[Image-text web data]
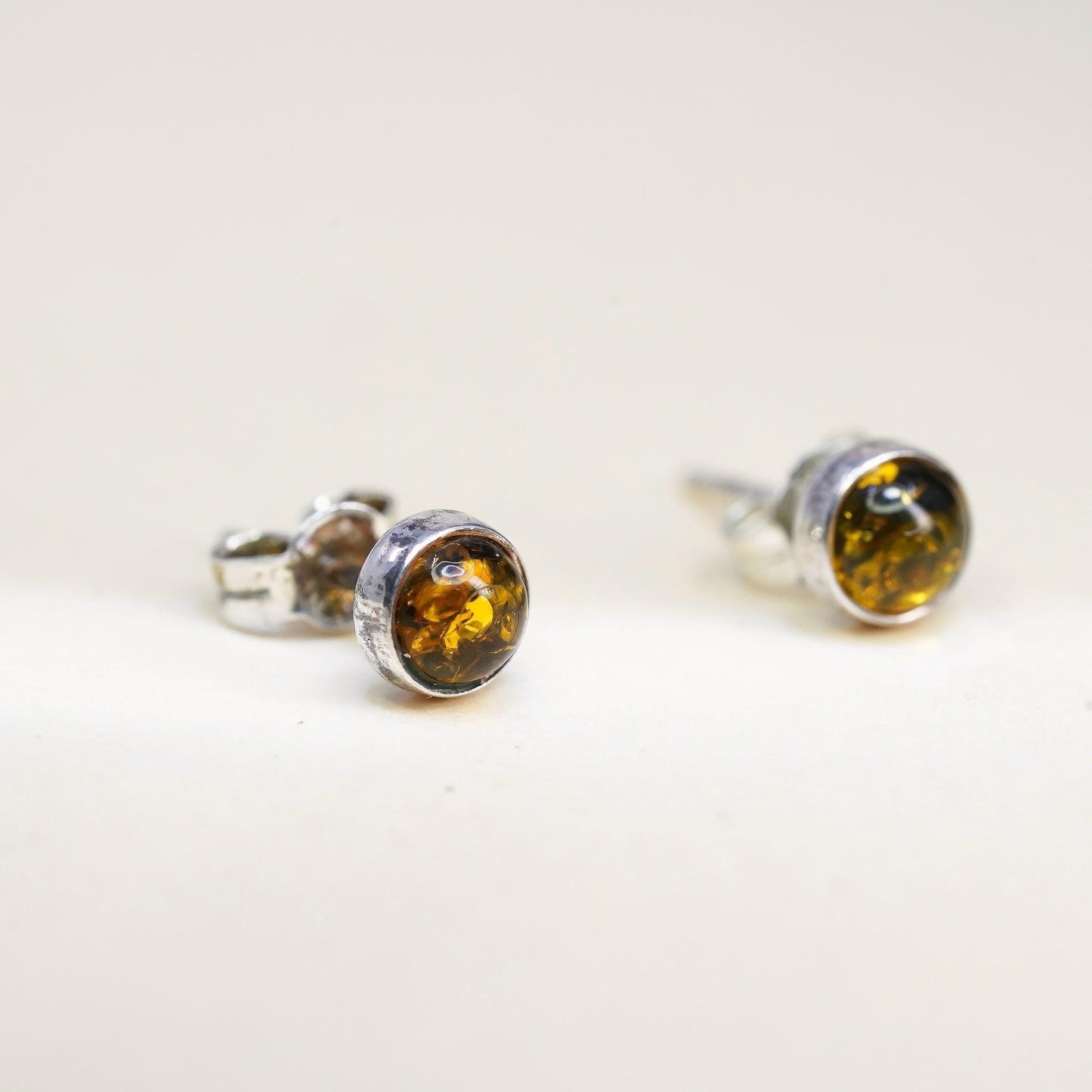 Vintage Sterling 925 silver handmade earrings round Amber studs, southwestern
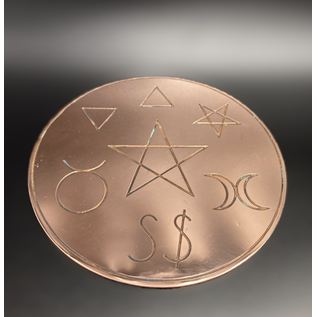 British Traditional Witchcraft Altar Pentacle - 6 Inches Wide in Copper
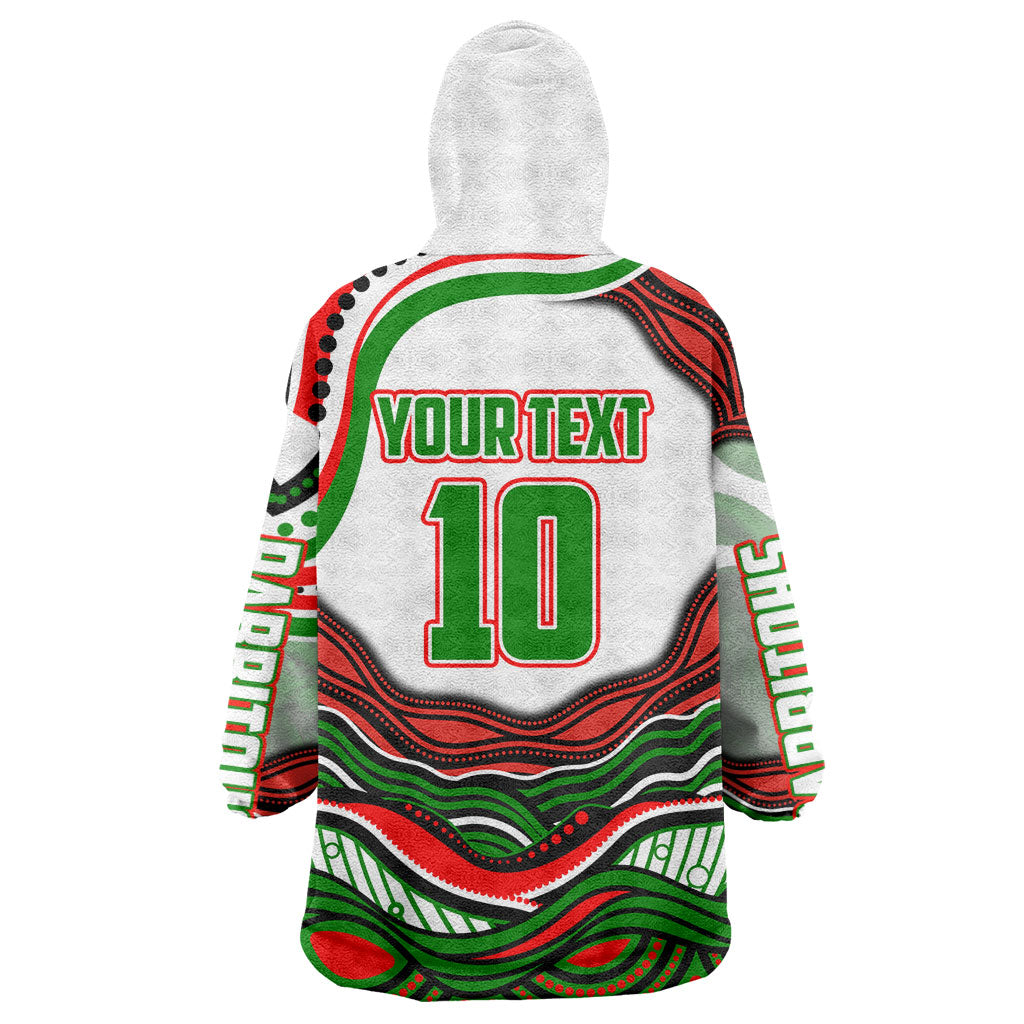 Personalized South Sydney Rabbitohs Wearable Blanket Hoodie Aboriginal Dot Art - Dreamtime Rugby Mascot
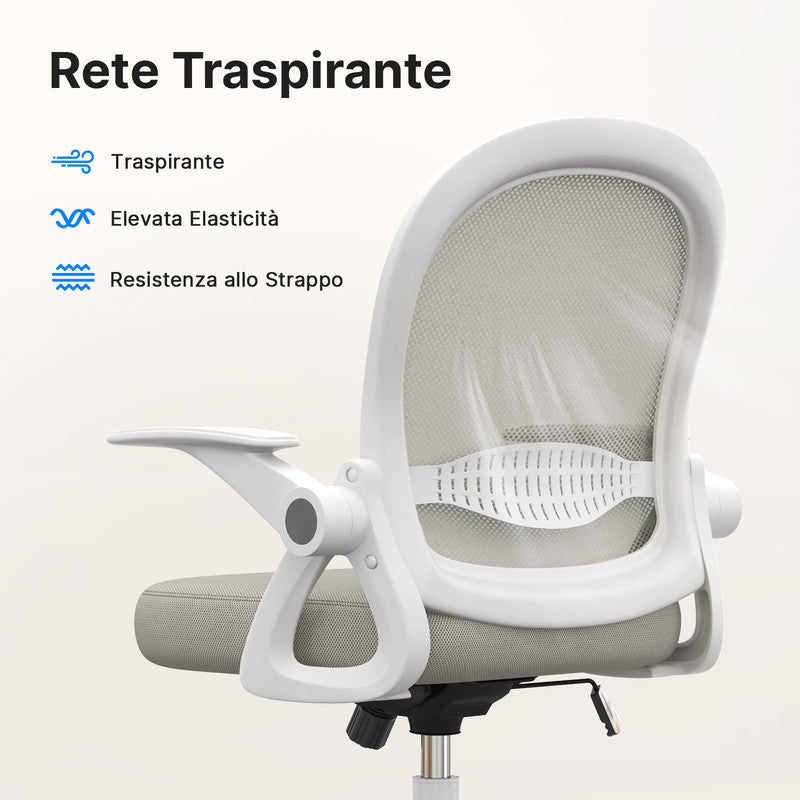 Sedia gaming bambino - RATTANTREE - Sedia ufficio piccola - Rete traspirante, braccioli regolabili - Grigio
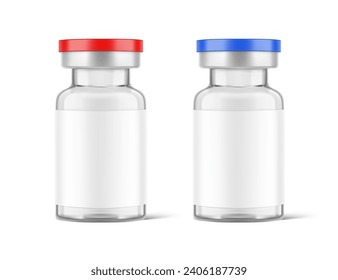 Transparent glass bottles for injections mockup. Vector illustration isolated on white background. Can be use for medicine, cosmetic and other. Ready for your design. EPS10.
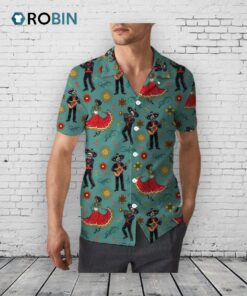 Mexican Aloha Shirt –  Vintage Hawaiian Print –  Colorful Mexico Style
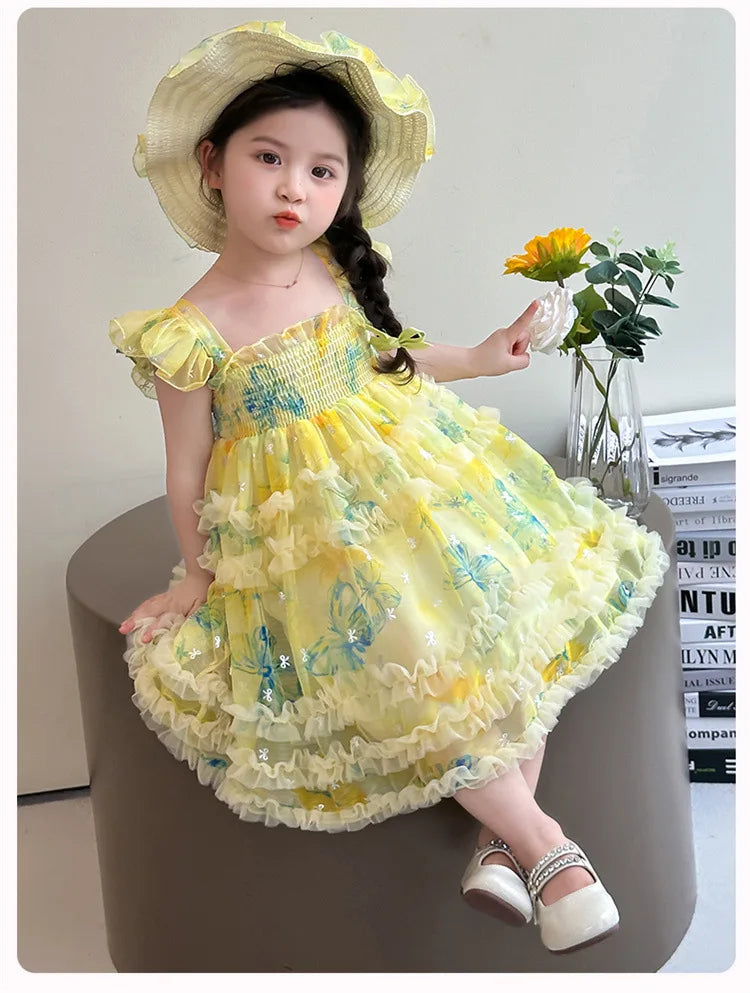 Girl Summer Mesh Dress Doll Baby  Kids Back Butterfly Flower Suspender Princess Dress Fashion Casual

### What the task requires:
Repeat every record above exactly. Omit the pictures.

### Expected answer:
 Vintage Sterling 925 silver handmade earrings round Amber studs, southwestern
 British Traditional Witchcraft Altar Pentacle - 6 Inches Wide in Copper
 Personalized South Sydney Rabbitohs Wearable Blanket Hoodie Aboriginal Dot Art - Dreamtime Rugby Mascot
 Sedia gaming bambino - RATTANTREE - Sedia ufficio piccola - Rete traspirante, braccioli regolabili - Grigio
 Transparent glass bottles for injections mockup. Vector illustration isolated on white background. Can be use for medicine, cosmetic and other. Ready for your design. EPS10.
 Mexican Aloha Shirt –  Vintage Hawaiian Print –  Colorful Mexico Style
 Girl Summer Mesh Dress Doll Baby  Kids Back Butterfly Flower Suspender Princess Dress Fashion Casual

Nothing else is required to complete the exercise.